Description of the task:
Leaving out all pictures, copy the lines below exactly, from the line with "Basin Undermount Sink" to the last line, both ends included.

Provided material START

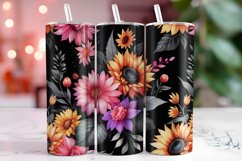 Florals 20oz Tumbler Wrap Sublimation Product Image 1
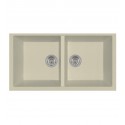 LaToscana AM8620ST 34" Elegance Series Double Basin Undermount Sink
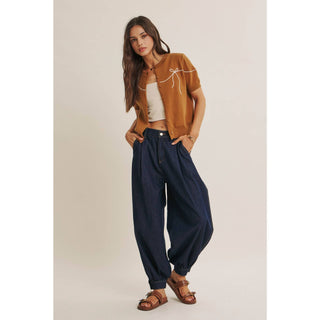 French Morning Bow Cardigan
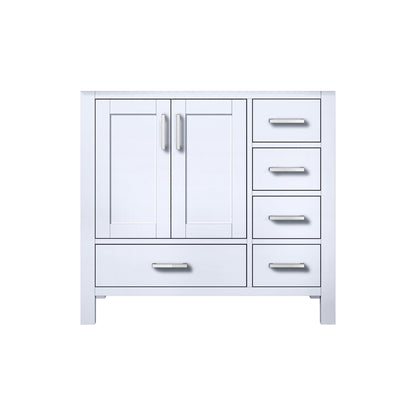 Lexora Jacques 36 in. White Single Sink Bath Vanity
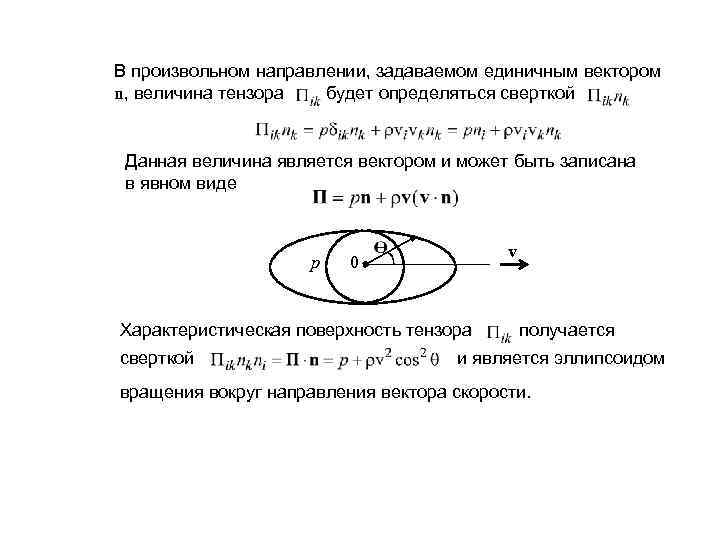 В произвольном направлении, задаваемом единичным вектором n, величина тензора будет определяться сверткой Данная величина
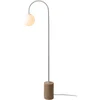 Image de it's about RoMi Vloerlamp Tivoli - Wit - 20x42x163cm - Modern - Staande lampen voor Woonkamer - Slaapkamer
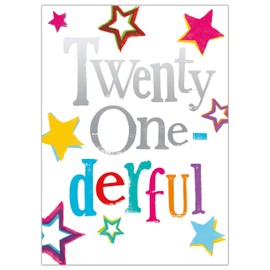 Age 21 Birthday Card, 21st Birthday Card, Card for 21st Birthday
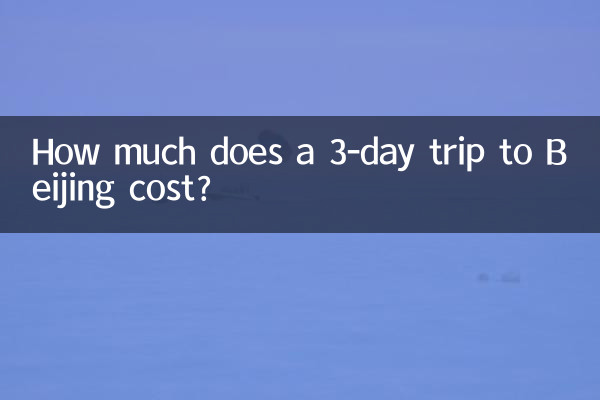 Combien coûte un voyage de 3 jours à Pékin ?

Provided material END

Written response:
 LaToscana AM8620ST 34" Elegance Series Double Basin Undermount Sink
 French Morning Bow Cardigan
 Lexora Jacques 36 in. White Single Sink Bath Vanity
 В произвольном направлении, задаваемом единичным вектором n, величина тензора будет определяться сверткой Данная величина
 Image de it's about RoMi Vloerlamp Tivoli - Wit - 20x42x163cm - Modern - Staande lampen voor Woonkamer - Slaapkamer
 Age 21 Birthday Card, 21st Birthday Card, Card for 21st Birthday
 Combien coûte un voyage de 3 jours à Pékin ?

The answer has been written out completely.